For the moment, you can use allow_par = FALSE to make it work
@AlbertoAlmuinha thanks I will try it right now and let you know
That did it.
@spsanderson ok, I found the problem...Right now you can't define the model based on other variables (splits in this case):
model_spec_boost <- boost_tree(
mode = "regression",
mtry = round(sqrt(ncol(training(splits)) - 1), 0),
trees = round(sqrt(nrow(training(splits)) - 1), 0),
min_n = round(sqrt(ncol(training(splits)) - 1), 0),
tree_depth = round(sqrt(ncol(training(splits)) - 1), 0),
learn_rate = 0.3,
loss_reduction = 0.01
) %>%
set_engine("xgboost")
What happens is that these variables are not sent to the nodes where the computation is performed and therefore when the calculation is going to be performed it fails because it does not find them. If you change the variables by a number you will see that everything works correctly:
model_spec_boost <- boost_tree(
mode = "regression",
mtry = 1,
trees = 8,
min_n = 1,
tree_depth = 1,
learn_rate = 0.3,
loss_reduction = 0.01
) %>%
set_engine("xgboost")
Maybe we can find a solution to improve this situation,
Regards
Ahhhhhhhh ok, I don't think a solution to this is necessary, I think it would be better if those settings were made outside of the spec process.

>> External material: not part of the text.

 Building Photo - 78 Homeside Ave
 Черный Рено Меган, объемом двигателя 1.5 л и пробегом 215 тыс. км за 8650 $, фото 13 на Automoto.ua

What do you think about this @mdancho84 ?? We could include an "export" argument to modeltime_fit_workflowsets() which would be a object (or a named list if multiples objects are required) and export to the nodes this "export" object. The implementation would be quite easy.
Or do you prefer to leave things as they are?
It's a unique case but we can add an exports arg inside of the control objects. That might help.